When I heard that Nokia (NOK) was considering selling its headquarters in Finland to raise cash, the first thought that popped on my head was that Nokia must be very desperate. After all, you don't sell the house you live in to raise cash unless you are either very desperate or you have a wonderful business plan that is fail-proof. Are things going that bad for Nokia?
First, let's look at details of the story. It turns out that Nokia is only considering the sale of the headquarters and the idea is still in its early stages. Furthermore, if the company ends up selling the campus, it will continue to stay in there and become a tenant.
The company could raise between $260 and $390 million from the sale of the campus. At the current rate, the company burns about $300 million per month, which means the sale of Nokia's headquarters would buy the company just another month of survival. On the other hand, keep in mind that Nokia currently has a lot of one-time charges due to the reorganization and reducing the headcount, which should save the company money in the long run. The company's latest cost-cutting measures target at saving the company nearly $2 billion by the end of 2013. The company hopes to invest the money it will raise from sale of real estate into its core operations.

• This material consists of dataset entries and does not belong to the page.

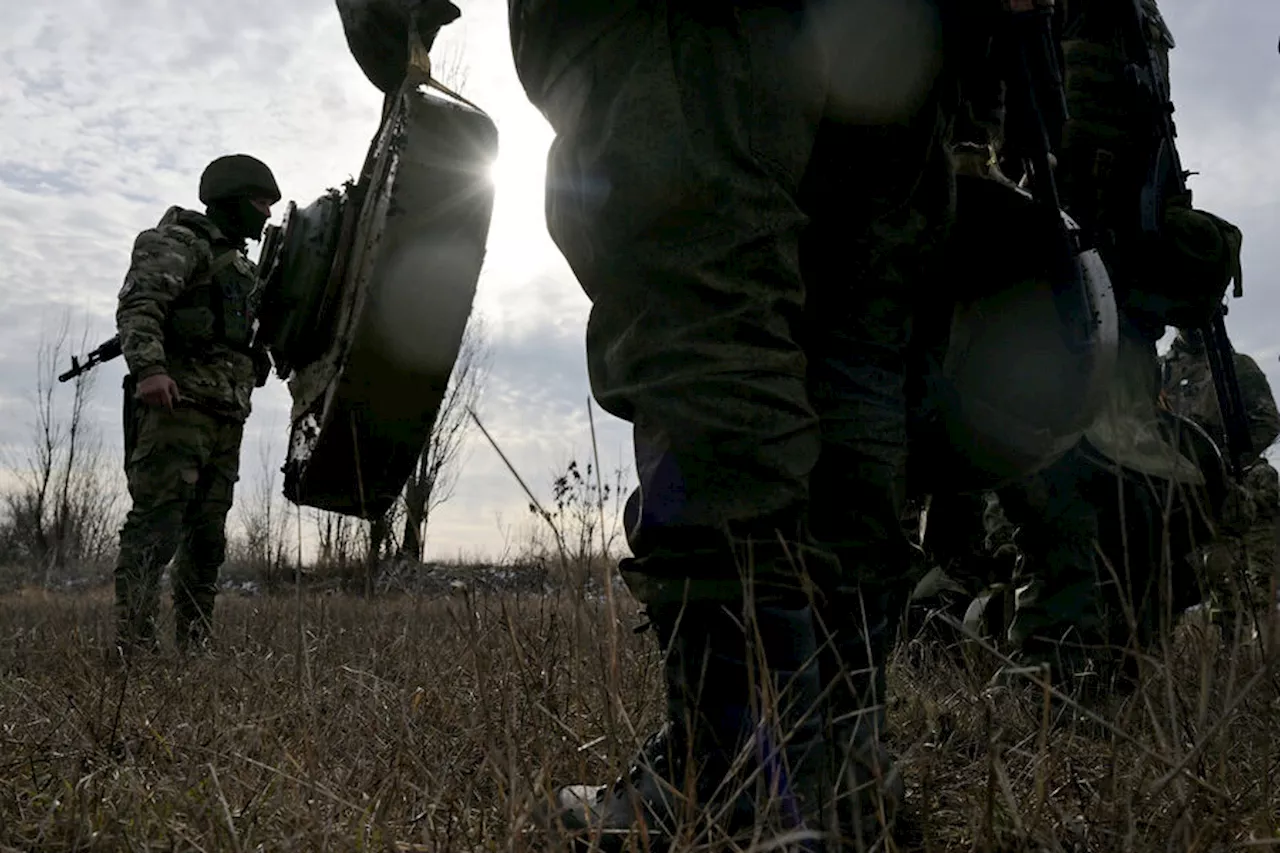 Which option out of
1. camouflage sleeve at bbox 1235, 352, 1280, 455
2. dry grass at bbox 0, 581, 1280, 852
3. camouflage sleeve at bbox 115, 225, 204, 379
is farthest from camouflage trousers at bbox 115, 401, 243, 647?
camouflage sleeve at bbox 1235, 352, 1280, 455

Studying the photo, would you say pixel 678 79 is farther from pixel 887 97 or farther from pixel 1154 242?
pixel 1154 242

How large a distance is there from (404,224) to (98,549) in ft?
90.9

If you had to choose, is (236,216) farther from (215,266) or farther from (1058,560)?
(1058,560)

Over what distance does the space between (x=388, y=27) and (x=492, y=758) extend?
1.06m

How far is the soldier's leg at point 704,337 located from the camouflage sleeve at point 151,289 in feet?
11.2

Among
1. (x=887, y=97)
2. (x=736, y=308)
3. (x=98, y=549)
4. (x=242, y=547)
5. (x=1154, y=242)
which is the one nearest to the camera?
(x=736, y=308)

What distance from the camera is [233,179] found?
453 centimetres

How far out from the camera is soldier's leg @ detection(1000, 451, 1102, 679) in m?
2.27

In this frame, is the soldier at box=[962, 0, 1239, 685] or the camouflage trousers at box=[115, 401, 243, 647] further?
the camouflage trousers at box=[115, 401, 243, 647]

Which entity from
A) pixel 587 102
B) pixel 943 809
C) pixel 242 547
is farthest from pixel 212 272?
pixel 242 547

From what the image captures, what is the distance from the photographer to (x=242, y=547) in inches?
827

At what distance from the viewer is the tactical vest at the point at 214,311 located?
420cm

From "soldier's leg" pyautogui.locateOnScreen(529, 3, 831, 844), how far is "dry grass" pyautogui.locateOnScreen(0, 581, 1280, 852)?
3.8 inches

After closing down its last factory in Finland, the company has very limited presence in its home country, Finland. This has led to some speculations that the company was planning to leave Finland and move to another country to get acquired by another company, such as Microsoft (MSFT). Of course, if Lumia doesn't work out, the company might end up resorting to that. Interestingly enough, as Microsoft denies that it is planning to build its own smartphone, there are rumors claiming that Microsoft keeps the option open as a "Plan B." In this case, I could see Microsoft buying Nokia because the company will need Nokia's expertise, experience, patent portfolio and brand name to build a successful smart phone. Indeed, Microsoft has more than enough spare cash to buy Nokia if the need arises.
In the technology sector, companies often sell their real estate holdings just to lease them. In the recent history, Siemens and Deutsche Telekom have picked the same route. European labor laws make it very difficult for companies to cut costs by reducing their headcount. Nokia has to pay a lot of money to its former and soon-to-be former employees in the shape of severance packages. This makes it difficult for the already-struggling companies to make the ends meet. If a company is burning through cash and trying to cut costs, the last thing it would want to face is huge one-time costs that will accelerate the cash burn in the short term.
On a positive development, the company's mapping business continues to establish itself all over the world. As Apple (AAPL) attracted a lot of heat due to the poor performance of its mapping software, Nokia is getting a lot of praise for its mapping segment, which may be the only profitable business unit of the company in the short term. Nokia's latest business partners are Oracle (ORCL), BMW (OTCPK:BAMXY), Mercedes (OTCPK:DDAIF), Garmin (GRMN) and Hyundai (GM:HYMLF). Nokia's mapping technology will come in 80-90% of all cars produced globally starting next year. This is an exciting opportunity for the company. The deal between Nokia and Oracle is also important because it will allow Oracle's customers to have access to Nokia's mapping technology and mapping data. So far, most of the consumers of Nokia's mapping technology are individuals rather than businesses. This might come to a change, as Oracle's customers are mainly businesses, and Nokia could use this opportunity to grow in the enterprise sector.
AT&T (T) is set to announce its plans to sell the new line of Lumias in a matter of days. We will know details such as the release date and the price of the phone in the U.S. The company is the only carrier that currently sells Nokia's Lumia 900. Verizon is said to be interested in joining AT&T in selling Lumia 920, but AT&T will be the first company to launch this phone. Nokia's phones continue to enjoy the reputation of being indestructible. CNET put Nokia's Lumia 900 through a series of torture tests, which the phone survived successfully.
I am still long Nokia, even though I believe that the company's management has made a lot of mistakes, including but not limited to weak marketing strategies. I believe that Lumia 920 will sell far more copies than Lumia 900 and this one will mark Nokia's turnaround. If not, then Nokia's only hope will be a takeover from another company such as Microsoft.